There are many success stories in which plants help nature rectify the crimes of man. In Chemobyl, Ukraine, sunflowers showed 90 per cent reduction of strontium in 2 weeks while in Ashtabula in Ohio, they removed 95 per cent of uranium. Indian mustard, in New Jersey brought lead to below danger level in one season ! InDearing, Kansas where the lead smelters are, poplars were used to remedy soil filled with lead, zinc and cadmium.
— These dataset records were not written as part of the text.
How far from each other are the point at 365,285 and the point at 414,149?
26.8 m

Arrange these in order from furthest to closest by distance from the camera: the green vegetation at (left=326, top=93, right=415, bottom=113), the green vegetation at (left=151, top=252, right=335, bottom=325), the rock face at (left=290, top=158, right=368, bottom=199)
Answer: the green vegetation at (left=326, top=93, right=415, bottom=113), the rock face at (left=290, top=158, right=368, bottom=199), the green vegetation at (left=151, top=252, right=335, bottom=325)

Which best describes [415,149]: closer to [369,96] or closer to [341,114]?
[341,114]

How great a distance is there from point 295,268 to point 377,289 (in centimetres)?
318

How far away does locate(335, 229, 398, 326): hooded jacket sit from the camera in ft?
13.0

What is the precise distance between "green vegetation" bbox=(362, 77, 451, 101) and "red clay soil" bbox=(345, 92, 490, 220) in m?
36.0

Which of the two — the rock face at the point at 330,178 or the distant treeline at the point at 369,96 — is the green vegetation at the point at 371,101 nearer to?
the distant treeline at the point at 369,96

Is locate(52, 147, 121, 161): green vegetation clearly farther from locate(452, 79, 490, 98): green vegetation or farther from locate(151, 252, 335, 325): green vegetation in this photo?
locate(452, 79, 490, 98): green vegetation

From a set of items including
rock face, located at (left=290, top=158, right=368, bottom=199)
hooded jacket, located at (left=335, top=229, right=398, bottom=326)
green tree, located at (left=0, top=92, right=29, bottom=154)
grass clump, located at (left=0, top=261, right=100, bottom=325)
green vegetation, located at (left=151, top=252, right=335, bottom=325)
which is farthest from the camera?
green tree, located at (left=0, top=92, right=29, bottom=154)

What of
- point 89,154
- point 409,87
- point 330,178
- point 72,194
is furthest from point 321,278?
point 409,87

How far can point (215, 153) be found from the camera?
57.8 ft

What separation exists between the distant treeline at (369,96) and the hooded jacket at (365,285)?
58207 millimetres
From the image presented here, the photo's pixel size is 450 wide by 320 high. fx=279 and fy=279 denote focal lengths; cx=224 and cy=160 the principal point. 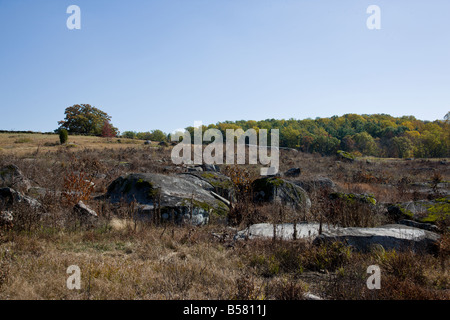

In Milan, canary grass, bulrushes which are wetland grasses with small brown spiklets and Erodias helped in removing 90 per cent of TNT and RDX from an ammunition plant site.
Spiny Amaranths (Amaranthus spinosus), Alligator weed (Alternanthera philoxeroides) the semi aquatic weed you see on most polluted rivers, grown on the sewage sludge of Musi river in Hyderabad have shown that they can concentrate cadmium, zinc and iron in their leaves. They can be used to restore sewage sludge contaminated sites. Cotton plants can contain Mercury, while Groundnuts control Copper levels. Brahmi ( Bacopa monnieri) mused in Ayurvedic medicines can also be used in containing Chromium.
Vetiver Grass (Chrysopogon zizanioides) or khas and Common Reed( Phragmitis karka) have shown good results in removing phosphates and nitrate. Plants can be used to clean up petrochemical sites and storage areas, ammunition wastes, fuel spills, chlorinated solvents, landfill leachates, and soil contaminated with agricultural chemicals like pesticides and fertilisers. It is cheaper than other treatments and is aesthetically pleasing.
Instead of waiting for Governments to develop civic responsibility , you should use this information for industry owners and your own colony water and soil. As one who roams barefoot most of the time, it bothers me to absorb cancer through my feet or to eat it in my tomatoes and grain.